The imposition of taxes on Jewish business is described as confiscatory and many Jewish industries are prevented from obtaining sufficient raw materials, while Latvian and state own competitors receive ample stocks.
A leading member of the Jewish community, who belongs to an industrial family which has been established in Latvia for 200 years, is the only one who, in private conversation, has struck an optimistic note. He does not believe that anti-Semitism in Latvia will ever achieve the proportions which it has reached in Germany. As for the measures applied to the lives and property of the Jewish community, he insisted there was a saving grace in Latvia, namely, corruption; that by greasing the proper palms there was almost nothing that could not be arranged. This refuge from oppression may indeed exist but I doubt very much whether it is readily available to the Jewish community as a whole.

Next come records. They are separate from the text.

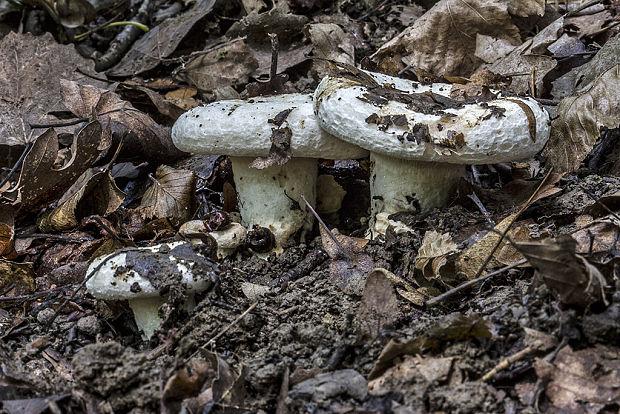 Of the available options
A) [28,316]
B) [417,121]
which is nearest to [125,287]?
[28,316]

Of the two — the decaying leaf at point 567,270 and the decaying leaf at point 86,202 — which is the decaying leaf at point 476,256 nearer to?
the decaying leaf at point 567,270

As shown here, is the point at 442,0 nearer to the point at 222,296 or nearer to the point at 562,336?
the point at 222,296

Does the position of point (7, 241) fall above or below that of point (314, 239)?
above

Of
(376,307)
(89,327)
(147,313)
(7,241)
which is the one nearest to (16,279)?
(7,241)

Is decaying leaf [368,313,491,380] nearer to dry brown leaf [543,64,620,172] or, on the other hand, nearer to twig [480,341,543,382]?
twig [480,341,543,382]

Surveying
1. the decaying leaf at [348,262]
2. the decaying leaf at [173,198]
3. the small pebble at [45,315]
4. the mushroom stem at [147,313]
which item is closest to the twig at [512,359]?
the decaying leaf at [348,262]

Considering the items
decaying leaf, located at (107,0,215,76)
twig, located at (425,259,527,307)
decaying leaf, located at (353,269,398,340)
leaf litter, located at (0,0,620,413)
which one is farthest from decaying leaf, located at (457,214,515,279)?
decaying leaf, located at (107,0,215,76)

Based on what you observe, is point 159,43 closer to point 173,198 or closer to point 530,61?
point 173,198

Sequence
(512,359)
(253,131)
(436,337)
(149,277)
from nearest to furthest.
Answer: (512,359)
(436,337)
(149,277)
(253,131) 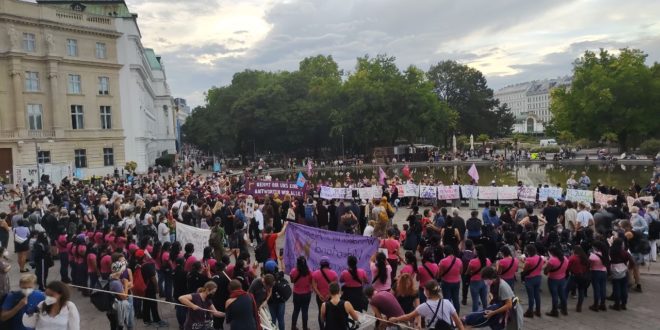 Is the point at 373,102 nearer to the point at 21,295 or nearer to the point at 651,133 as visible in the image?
the point at 651,133

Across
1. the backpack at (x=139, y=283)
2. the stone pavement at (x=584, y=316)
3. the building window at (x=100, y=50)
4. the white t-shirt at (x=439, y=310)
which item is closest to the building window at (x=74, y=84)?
the building window at (x=100, y=50)

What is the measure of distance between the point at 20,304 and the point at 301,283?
4.37 metres

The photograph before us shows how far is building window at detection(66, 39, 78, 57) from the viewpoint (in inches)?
1850

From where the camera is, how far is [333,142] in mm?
73062

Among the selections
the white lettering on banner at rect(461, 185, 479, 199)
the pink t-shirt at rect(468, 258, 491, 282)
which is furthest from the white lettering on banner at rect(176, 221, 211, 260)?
the white lettering on banner at rect(461, 185, 479, 199)

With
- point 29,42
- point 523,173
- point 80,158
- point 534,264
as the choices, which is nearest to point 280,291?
point 534,264

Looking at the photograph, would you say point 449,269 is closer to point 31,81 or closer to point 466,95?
point 31,81

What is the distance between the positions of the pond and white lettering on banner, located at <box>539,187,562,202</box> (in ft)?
38.0

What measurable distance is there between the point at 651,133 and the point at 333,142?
40657 millimetres

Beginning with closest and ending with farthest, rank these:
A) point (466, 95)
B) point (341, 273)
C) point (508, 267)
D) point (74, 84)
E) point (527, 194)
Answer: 1. point (508, 267)
2. point (341, 273)
3. point (527, 194)
4. point (74, 84)
5. point (466, 95)

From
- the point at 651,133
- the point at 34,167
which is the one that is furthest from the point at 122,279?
the point at 651,133

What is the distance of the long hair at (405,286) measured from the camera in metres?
8.35

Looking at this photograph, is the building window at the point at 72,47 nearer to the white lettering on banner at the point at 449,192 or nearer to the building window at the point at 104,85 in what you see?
the building window at the point at 104,85

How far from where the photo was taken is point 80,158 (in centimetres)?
4828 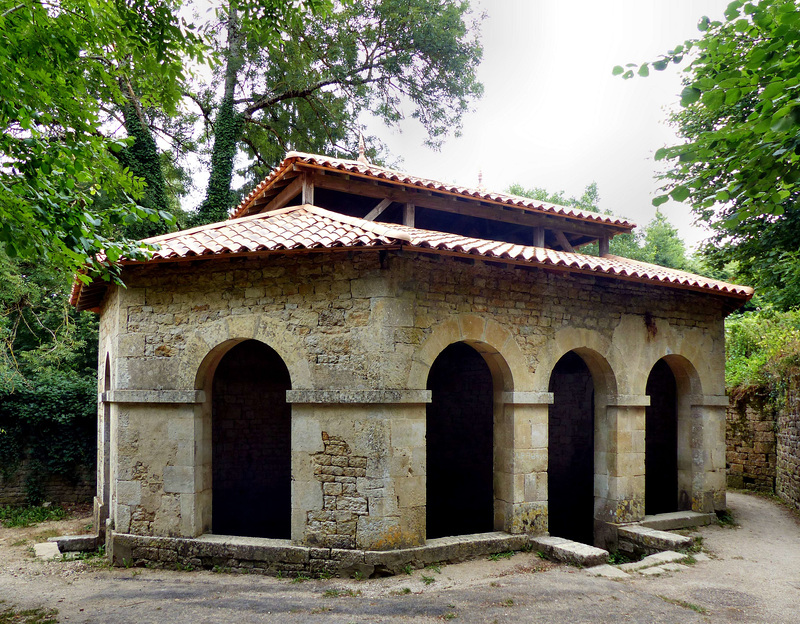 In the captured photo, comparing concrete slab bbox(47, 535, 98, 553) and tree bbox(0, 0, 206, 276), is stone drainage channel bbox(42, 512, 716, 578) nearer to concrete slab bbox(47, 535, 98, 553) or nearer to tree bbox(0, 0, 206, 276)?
concrete slab bbox(47, 535, 98, 553)

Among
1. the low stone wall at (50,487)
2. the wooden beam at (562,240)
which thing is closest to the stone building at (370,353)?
the wooden beam at (562,240)

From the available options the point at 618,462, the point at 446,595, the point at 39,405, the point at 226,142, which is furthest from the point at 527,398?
the point at 226,142

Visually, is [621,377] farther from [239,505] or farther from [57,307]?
[57,307]

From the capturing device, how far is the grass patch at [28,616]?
5.40 metres

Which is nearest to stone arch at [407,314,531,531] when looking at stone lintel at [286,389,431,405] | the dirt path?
stone lintel at [286,389,431,405]

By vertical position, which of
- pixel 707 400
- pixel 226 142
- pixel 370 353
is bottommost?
pixel 707 400

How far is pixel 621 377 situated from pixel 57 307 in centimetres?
1349

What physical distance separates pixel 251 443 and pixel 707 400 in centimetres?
819

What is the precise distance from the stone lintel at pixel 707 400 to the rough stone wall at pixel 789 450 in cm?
184

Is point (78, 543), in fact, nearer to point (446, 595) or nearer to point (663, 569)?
point (446, 595)

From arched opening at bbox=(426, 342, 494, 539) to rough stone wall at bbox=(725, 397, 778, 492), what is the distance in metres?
5.78

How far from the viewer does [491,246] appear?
268 inches

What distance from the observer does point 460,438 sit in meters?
11.3

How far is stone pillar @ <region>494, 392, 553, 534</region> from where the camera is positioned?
7261 mm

The leading anti-Semites are said to be President Ulmanis, the Minister For Foreign Affairs, M. Vilhelms Munters, and M. Alfreds Berzins, the Minister of Public Relations. The President, however, has close personal relations with M. Morduch Dubins, President of the Riga Hebrew Council and a former member of the defunct Latvian parliament. Through his intervention a certain alleviation has been obtained in respect of a few special cases. His influence, however, is not described as effective in respect of the Presidents attitude towards the situation in general.
In a subsequent dispatch I shall endeavor to assemble statistical data with regard to the extent to which Jewish property interests have been affected by Latvias "cold pogrom", as well as to give the Department an estimate of the extent to which the Jewish community has participated in the commercial, industrial and professional life of Latvia.